> **What is being asked**:
Extract the records in full, leaving every picture out.

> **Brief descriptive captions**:

============

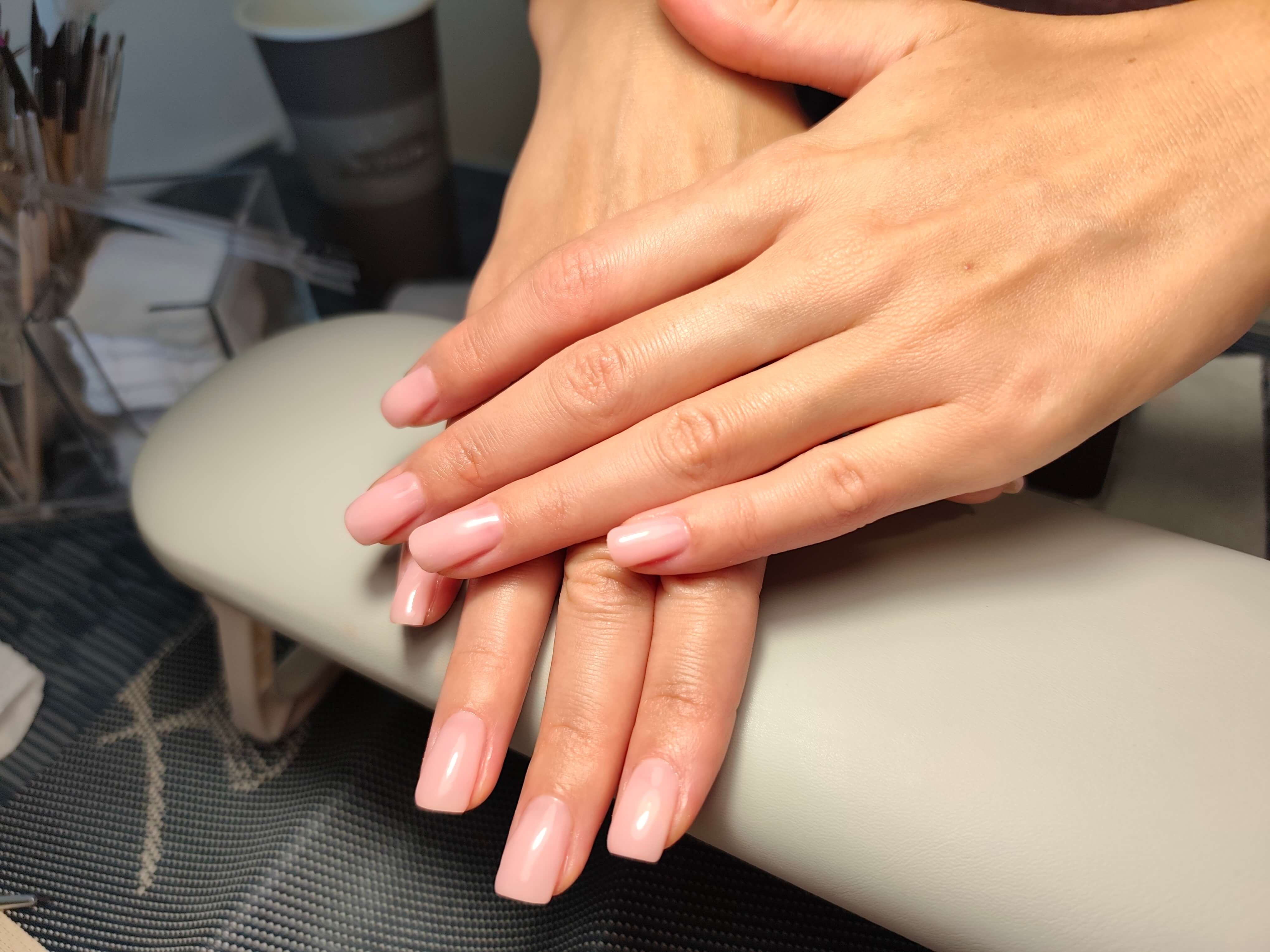 Гель-лак нежно-розовый — деликатный блеск и естественный маникюр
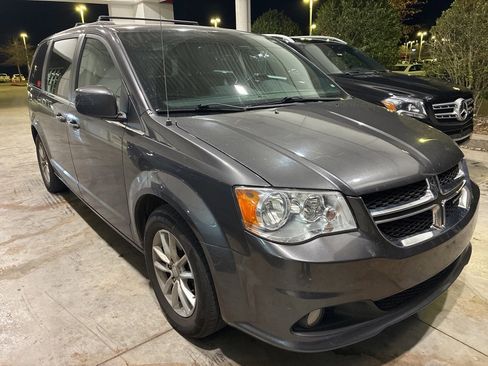 Used 2019 Dodge Grand Caravan SXT image 4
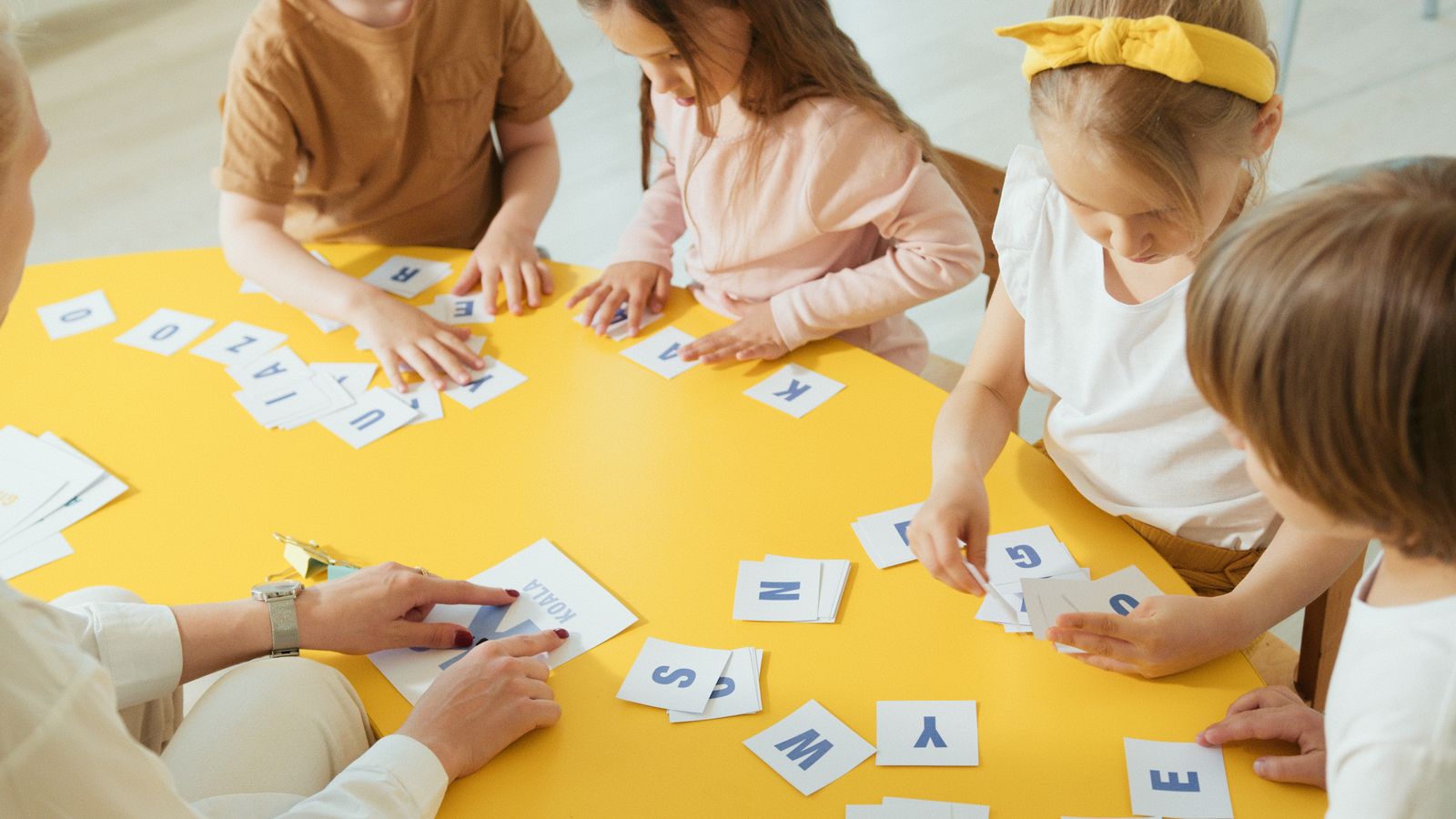 テーブルで学ぶ子どもたち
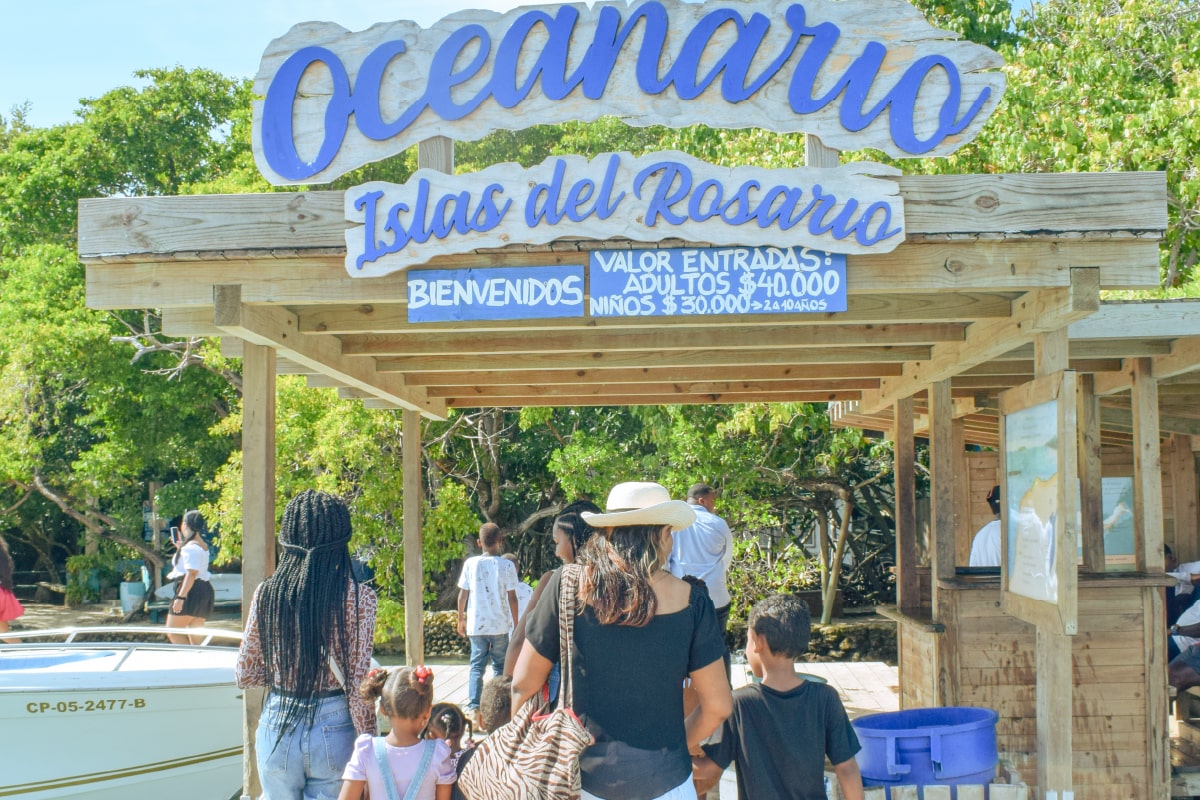 niños visitando el ocenario en Islas del Rosario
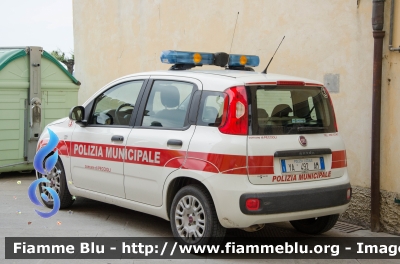 Fiat Nuova Panda II serie
Polizia Municipale Peccioli (PI)
Allestita Ciabilli
POLIZIA LOCALE YA 492 AM
Parole chiave: Fiat Nuova_Panda_IIserie POLIZIALOCALE_YA492AM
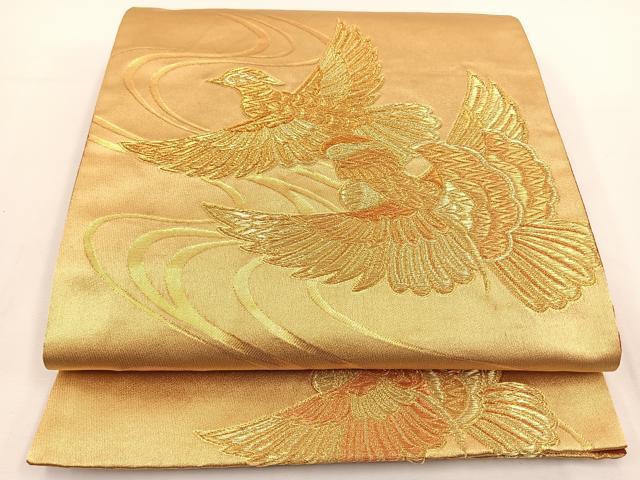 ■■■　サイズ　■■■ 長さ 426cm 幅 30.5cm程 ■■■　商品詳細　■■■ 【正絹・芯なし】 詳細に関しましては、画像をご確認ください。 大変上質な逸品になります。 お安く出品致しますので、是非この機会にいかがでしょうか？ ■■■　注意事項　■■■ ■モニター発色の具合により色合いが異なる場合がございます。 ■寸法は多少の誤差が生じる場合がございますのでご了承ください。 ■縫込みの長さが左右非対称の場合は短い部分を記載しております。 左右非対称であってもご返品・お値引き等の保証は出来かねますので、ご了承の上ご購入をお願い致します。 ■シミ等のチェックには注意を払っておりますが、見落としがある場合もございますし、個人の見解も様々ですので神経質な方のご購入はお控えください。 ■箪笥に入っておりました着物や帯なので畳みシワや匂いがあるものもございます。 ■お休みは基本的に土日祝となりますが、その他臨時でお休みする場合がございますのでご了承ください。 ■商品の発送は平日のみの発送となります。 ■夜間と土曜、日曜日はお問い合わせの回答が遅れる場合がございます。 ■当店では、お直し、紋入れ、お手入れ等は承っておりません。 ■生地の状態（ヤケ、経年劣化等）によってはサイズ直しが出来ない場合がございます。 その点もどうかご了承のうえ、ご購入をお願いいたします。 ■弊社で取り扱う商品は一点ものにつき、時期や在庫状況に応じて金額が変更となる場合がございます。 ■検針は行っておりません。予めご了承いただきますようお願いいたします。 ■【洗える着物】と記載のある商品におきましては、商品お届け後に洗濯を行ってしまってからのご返品にはご対応しかねます。 念の為、専門店でのお手入れをお願いいたします。 ■着物のサイズ目安は下記を参考ください↓ ＜女性着物＞　お端折り次第で＋5cm　−1cmが着用可能サイズ 　例）身丈170cmの場合、身長160cm〜175cm ＜男性着物＞　身丈＋約25cm〜27cm程が適応身長 　例）身丈155cmの場合、身長180〜182cm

============

> **Task output**:
 Гель-лак нежно-розовый — деликатный блеск и естественный маникюр
 Used 2019 Dodge Grand Caravan SXT image 4
 テーブルで学ぶ子どもたち
 niños visitando el ocenario en Islas del Rosario
 Fiat Nuova Panda II serie
Polizia Municipale Peccioli (PI)
Allestita Ciabilli
POLIZIA LOCALE YA 492 AM
Parole chiave: Fiat Nuova_Panda_IIserie POLIZIALOCALE_YA492AM
 ■■■　サイズ　■■■ 長さ 426cm 幅 30.5cm程 ■■■　商品詳細　■■■ 【正絹・芯なし】 詳細に関しましては、画像をご確認ください。 大変上質な逸品になります。 お安く出品致しますので、是非この機会にいかがでしょうか？ ■■■　注意事項　■■■ ■モニター発色の具合により色合いが異なる場合がございます。 ■寸法は多少の誤差が生じる場合がございますのでご了承ください。 ■縫込みの長さが左右非対称の場合は短い部分を記載しております。 左右非対称であってもご返品・お値引き等の保証は出来かねますので、ご了承の上ご購入をお願い致します。 ■シミ等のチェックには注意を払っておりますが、見落としがある場合もございますし、個人の見解も様々ですので神経質な方のご購入はお控えください。 ■箪笥に入っておりました着物や帯なので畳みシワや匂いがあるものもございます。 ■お休みは基本的に土日祝となりますが、その他臨時でお休みする場合がございますのでご了承ください。 ■商品の発送は平日のみの発送となります。 ■夜間と土曜、日曜日はお問い合わせの回答が遅れる場合がございます。 ■当店では、お直し、紋入れ、お手入れ等は承っておりません。 ■生地の状態（ヤケ、経年劣化等）によってはサイズ直しが出来ない場合がございます。 その点もどうかご了承のうえ、ご購入をお願いいたします。 ■弊社で取り扱う商品は一点ものにつき、時期や在庫状況に応じて金額が変更となる場合がございます。 ■検針は行っておりません。予めご了承いただきますようお願いいたします。 ■【洗える着物】と記載のある商品におきましては、商品お届け後に洗濯を行ってしまってからのご返品にはご対応しかねます。 念の為、専門店でのお手入れをお願いいたします。 ■着物のサイズ目安は下記を参考ください↓ ＜女性着物＞　お端折り次第で＋5cm　−1cmが着用可能サイズ 　例）身丈170cmの場合、身長160cm〜175cm ＜男性着物＞　身丈＋約25cm〜27cm程が適応身長 　例）身丈155cmの場合、身長180〜182cm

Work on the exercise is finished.